What are the responsibilities and job description for the Software Engineer in Test (SDET), AI Infrastructure position at SB Telecom America Corp.?
About Softbank: Softbank is making significant investments in infrastructure for AI. Softbank Corp. has recently established a new US center in Silicon Valley, focused on infrastructure software for AI and AI foundations for mobile networks. Our goals are to challenge the norms and create products making use of our SOTA infrastructure (like Nvidia GB200, MGX and DGX Grace & Hopper platforms) and cloud-native software. These products are geared towards centralized AI data centers as well as distributed AI Radio Access Network (AI RAN) data centers. We are looking for experienced practitioners who are inspired to bring innovation and build transformative products.
Minimum Qualifications:
- Bachelor's degree in Computer Science, Electrical Engineering, or related field.
- 3 years in software, hardware, engineering, including platforms and distributed systems.
- Experience working in systems & systems SW, Cloud and Kubernetes.
- Experience with production-testing and automation of Kubernetes deployments.
Preferred Qualifications:
- Master's or similar qualification in a relevant field.
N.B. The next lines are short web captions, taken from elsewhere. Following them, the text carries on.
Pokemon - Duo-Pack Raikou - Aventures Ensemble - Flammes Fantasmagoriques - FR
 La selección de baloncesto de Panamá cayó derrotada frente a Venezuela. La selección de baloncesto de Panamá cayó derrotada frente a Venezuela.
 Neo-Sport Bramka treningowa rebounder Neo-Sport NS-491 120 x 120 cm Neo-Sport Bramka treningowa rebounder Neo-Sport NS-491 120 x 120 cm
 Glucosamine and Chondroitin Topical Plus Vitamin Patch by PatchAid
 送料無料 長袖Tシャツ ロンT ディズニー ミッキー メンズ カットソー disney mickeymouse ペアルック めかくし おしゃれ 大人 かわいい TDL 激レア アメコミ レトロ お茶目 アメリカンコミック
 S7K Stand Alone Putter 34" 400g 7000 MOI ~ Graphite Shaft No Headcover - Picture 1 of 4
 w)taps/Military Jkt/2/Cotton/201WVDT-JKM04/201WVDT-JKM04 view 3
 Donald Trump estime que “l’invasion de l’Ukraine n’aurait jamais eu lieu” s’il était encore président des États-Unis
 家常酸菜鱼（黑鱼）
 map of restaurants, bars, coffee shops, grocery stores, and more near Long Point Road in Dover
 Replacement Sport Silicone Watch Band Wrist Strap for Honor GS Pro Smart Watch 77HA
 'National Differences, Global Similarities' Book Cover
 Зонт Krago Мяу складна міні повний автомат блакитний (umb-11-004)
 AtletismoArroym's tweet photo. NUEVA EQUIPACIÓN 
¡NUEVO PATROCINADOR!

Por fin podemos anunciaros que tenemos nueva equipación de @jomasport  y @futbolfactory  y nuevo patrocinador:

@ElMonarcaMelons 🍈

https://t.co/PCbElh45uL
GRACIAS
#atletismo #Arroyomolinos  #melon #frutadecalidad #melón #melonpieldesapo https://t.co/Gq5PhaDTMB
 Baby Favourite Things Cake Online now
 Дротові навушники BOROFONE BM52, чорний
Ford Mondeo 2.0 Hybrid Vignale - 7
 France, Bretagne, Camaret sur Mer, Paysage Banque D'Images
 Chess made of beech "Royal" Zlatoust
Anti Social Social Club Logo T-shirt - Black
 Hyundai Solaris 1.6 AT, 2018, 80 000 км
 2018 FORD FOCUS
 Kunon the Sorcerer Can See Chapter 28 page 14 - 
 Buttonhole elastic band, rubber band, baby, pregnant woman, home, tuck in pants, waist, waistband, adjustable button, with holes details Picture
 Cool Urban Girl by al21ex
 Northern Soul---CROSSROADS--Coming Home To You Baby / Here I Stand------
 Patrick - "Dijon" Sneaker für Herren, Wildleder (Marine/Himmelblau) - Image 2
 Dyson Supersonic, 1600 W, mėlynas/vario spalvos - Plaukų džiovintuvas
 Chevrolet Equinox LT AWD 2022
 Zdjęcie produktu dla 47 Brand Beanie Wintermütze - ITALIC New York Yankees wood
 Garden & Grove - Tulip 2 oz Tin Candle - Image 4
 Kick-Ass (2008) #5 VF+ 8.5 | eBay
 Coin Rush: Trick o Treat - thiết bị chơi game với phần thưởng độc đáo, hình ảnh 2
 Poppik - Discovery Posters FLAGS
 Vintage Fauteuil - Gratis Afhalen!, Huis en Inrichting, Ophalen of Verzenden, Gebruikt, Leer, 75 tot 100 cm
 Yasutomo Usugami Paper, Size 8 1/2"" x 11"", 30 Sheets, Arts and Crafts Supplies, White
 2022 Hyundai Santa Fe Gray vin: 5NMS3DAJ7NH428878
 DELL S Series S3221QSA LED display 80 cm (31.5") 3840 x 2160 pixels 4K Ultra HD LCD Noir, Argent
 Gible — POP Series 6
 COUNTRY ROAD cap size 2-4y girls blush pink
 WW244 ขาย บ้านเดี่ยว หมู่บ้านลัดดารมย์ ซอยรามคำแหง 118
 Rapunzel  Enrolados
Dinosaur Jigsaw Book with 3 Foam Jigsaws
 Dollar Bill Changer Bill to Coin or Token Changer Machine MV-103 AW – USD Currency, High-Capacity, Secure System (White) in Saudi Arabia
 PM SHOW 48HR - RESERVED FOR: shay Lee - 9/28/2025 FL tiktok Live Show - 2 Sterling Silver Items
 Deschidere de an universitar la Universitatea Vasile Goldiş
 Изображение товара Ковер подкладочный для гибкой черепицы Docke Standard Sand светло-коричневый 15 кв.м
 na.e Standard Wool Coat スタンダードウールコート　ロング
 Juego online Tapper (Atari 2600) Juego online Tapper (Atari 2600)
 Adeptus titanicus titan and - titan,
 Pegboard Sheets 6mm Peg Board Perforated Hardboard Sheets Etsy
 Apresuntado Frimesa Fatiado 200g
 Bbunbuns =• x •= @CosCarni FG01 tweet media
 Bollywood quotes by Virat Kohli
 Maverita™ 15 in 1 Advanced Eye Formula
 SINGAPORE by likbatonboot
- Experience with scalable test and automation infrastructure to productionize workloads.
- Experience with GPU platforms (e.g., Nvidia DGX, H100) and high-performance computing environments.
- Experience triaging customer bugs, prioritizing, and resolving issues in production.
- Familiarity with AI developer frameworks, tools, and automation systems.
Role: Be a key member of the infrastructure team responsible for building foundational software on top of GPU systems supporting AI workloads (training, fine-tuning and serving). Contribute to developing the test-automation infrastructure for Kubernetes and GPU systems. Innovate end-end systems software testing and automation for productionization velocity. As a Software Engineer in Test (SDET), AI Infrastructure for test-automation, you will work with Staff Engineers, product management and program management to drive execution towards commercialization.
Responsibilities:
- Contribute to building test-automation infrastructure for Kubernetes on large-scale GPU clusters.
- Help develop detailed test plans for different milestones and operationalize them in test-automation infrastructure.
- Own and conduct end-end system, scale and stress testing.
- Working together with SW leads and Technical Program Manager, qualify the releases.
- Attract and help build downstream production engineering talent.
- Role model and foster a culture of humility and innovation for product delivery.
Salary: The base salary for this position ranges from ($120,000-$180,000), with additional attractive biannual bonus, benefits and opportunity to work with a great team in downtown Sunnyvale, CA.
Salary : $120,000 - $180,000